(24 февраля 1905 г. No 89).
Und neues Leben blüht ans den Ruinen...
Вотъ они передъ нами, мы переживаемъ ихъ, эти великіе дни всероссійскаго освобожденія, далекимъ и загадочнымъ сфинксомъ стоявшіе передъ взоромъ тѣхъ, кто въ страстныхъ поискахъ за свободой старался заглянуть въ туманную историческую даль.
Въ 40-хъ годахъ проблема русской свободы встаетъ уже во всей своей сложности, и съ двухъ равныхъ концовъ старается разрѣшить ее пытливая мысль. Самобытность -- вотъ одно изъ рѣшеній замысловатой задачи.
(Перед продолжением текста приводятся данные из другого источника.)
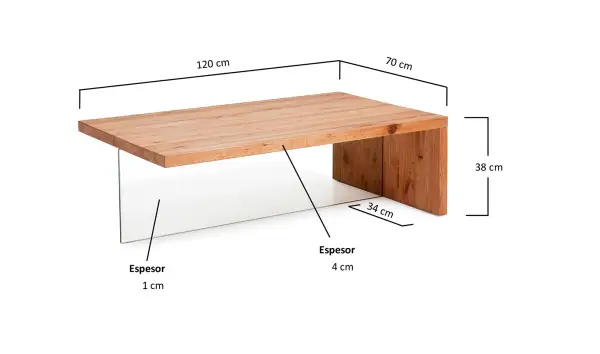Mesa centro pie cristal roble acabado natural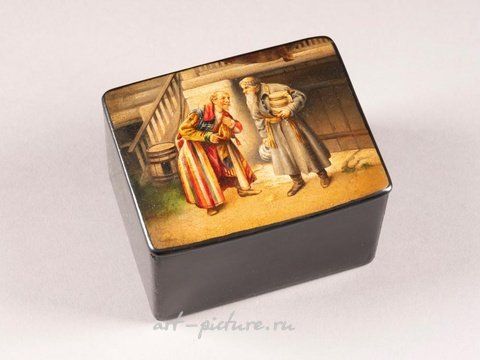 Русское серебро, Коробка из папье-маше и лака "Друзья" по мотивам работ Клавдия Васильевича Лебедева.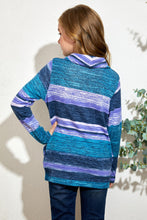 Load image into Gallery viewer, Girls Striped Cowl Neck with Pockets
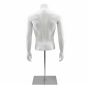 Rear view of a matte white male torso mannequin showing back muscle definition and silver base.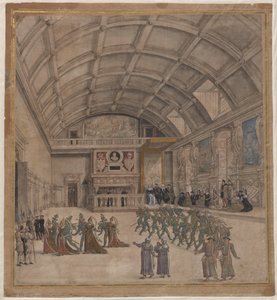 1549年8月、1549年8月の祝典中のビンシュ宮殿。 作： Unbekannt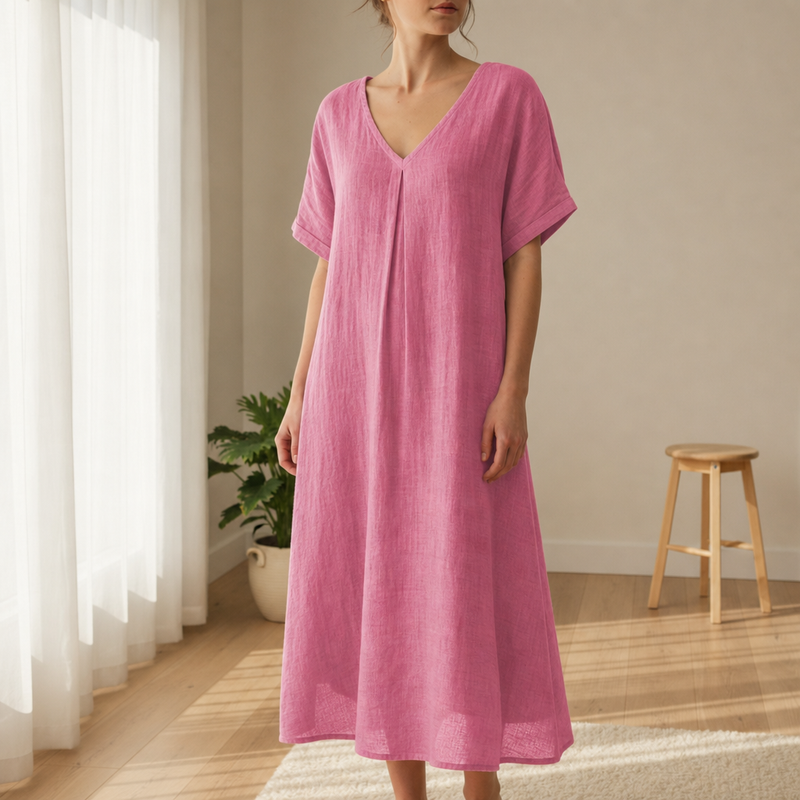 Monreale Relaxed Linen Midi Dress in Pink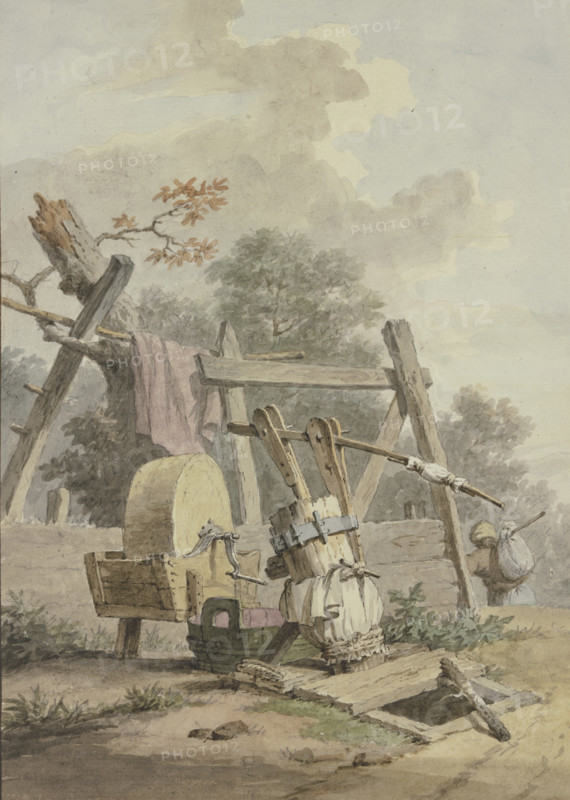 A grindstone by a well. Creator: Pieter Bartholomeusz. Barbiers.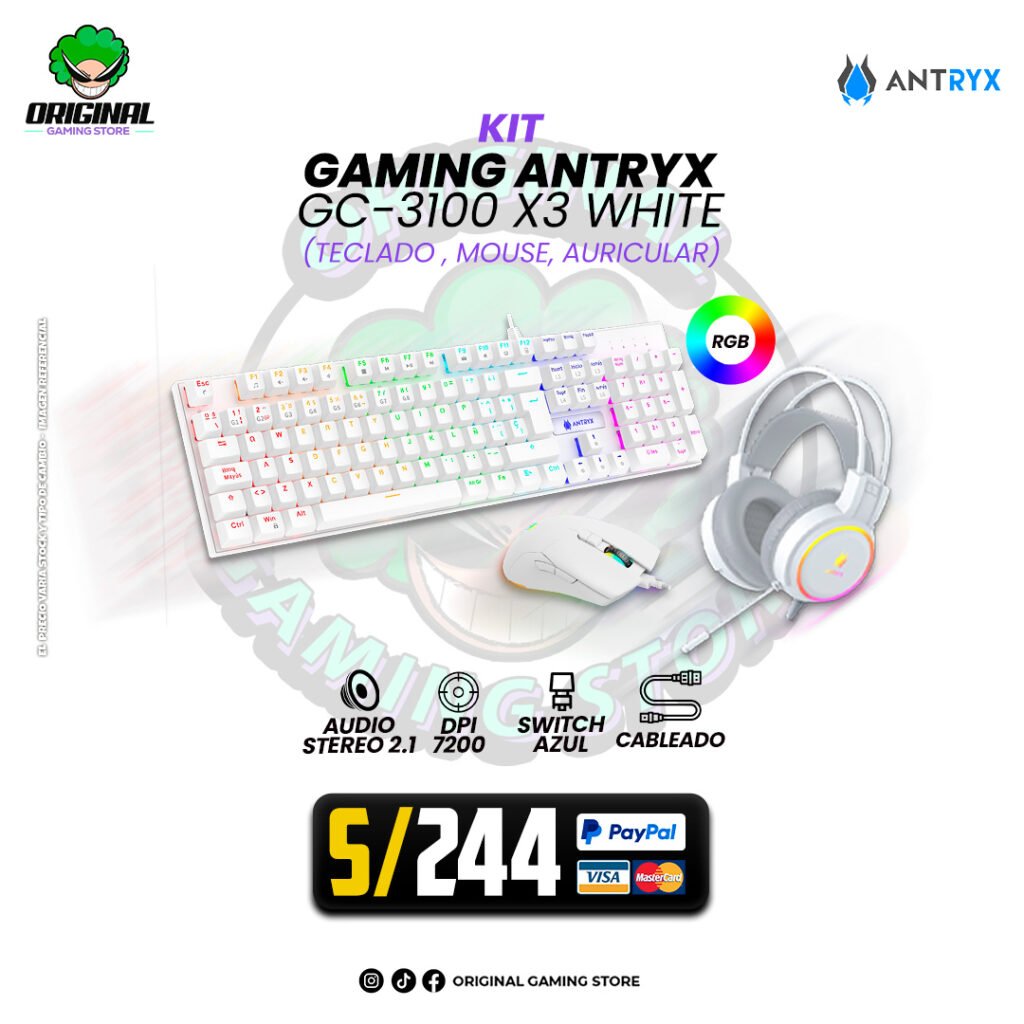Kit Antryx GC-3100 X3 White Teclado Switch Blue Mouse Y Auricular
Въ глубинахъ народнаго "духа", въ его исконныхъ бытовыхъ особенностяхъ, въ "общинномъ" укладѣ крестьянской жизни, въ томъ, что отличало Россію отъ всѣхъ странъ цивилизованнаго міра, искало славянофильство орудіе того преобразованія, которое освободитъ народъ русскій отъ оковъ самовластьи и избавить его въ тоже время отъ язвъ, разъѣдающихъ "гнилой Западъ". Своимъ путемъ отъ своихъ отсталыхъ формъ, къ своей самой совершенной свободѣ -- такъ рисовались перспективы въ идеалистическихъ сферахъ славянофильства. Иначе рѣшали задачу западники. Въ той "общинѣ", которая такъ основательно завалена наслоеніями крѣпостной эпохи, что лишь пріѣзжему нѣмцу -- барону Гакстгаузену -- удалось откопать эту народную "жемчужину" изъ груды наноснаго мусора, въ той самобытности и въ тѣхъ "тайникахъ духа", которые наполняли мистическимъ блаженствомъ сердца славянофиловъ, они справедливо усмотрѣли вѣрнѣйшую опору деспотизма, россійской азіатчины. И съ рѣшимостью борца за свободу, готоваго вонзить кинжалъ въ собственное сердце, когда это нужно, призывалъ Бѣлинскій "буржуазію", ту буржуазію, которая завоевала свободу Западу, которая завоюетъ ее и Россіи. Европейскимъ путемъ, отъ европейски преобразованныхъ, буржуазныхъ формъ, къ европейской буржуазной свободѣ -- вотъ другое, діаметрально противоположное рѣшеніе загадки историческаго сфинкса. И съ тѣхъ поръ эти два рѣшенія, то въ болѣе или менѣе чистомъ видѣ, то причудливо переплетаясь, проходятъ черезъ всю исторію русской политической мысли. Но славянофильскія идеи вначалѣ значительно преобладаютъ и въ народничествѣ 70-хъ годовъ достигаютъ своего наивысшаго, революціоннаго выраженія. Народничество -- это революціонное славянофильство, страдающее однако тайнымъ, тщательно скрываемымъ отъ другихъ, а подчасъ и самого себя, порокомъ западничества, порокомъ любви къ европейски-свободнымъ, буржуазнымъ формамъ общежитія. Зато въ каррикатурномъ народничествѣ нашихъ дней этотъ порокъ едва-едва прикрывается негустымъ слоемъ славянофильскихъ румянъ, и сквозь дырявое "самобытное" рубище совершенно явственно проглядываетъ оголенный буржуазный человѣкъ.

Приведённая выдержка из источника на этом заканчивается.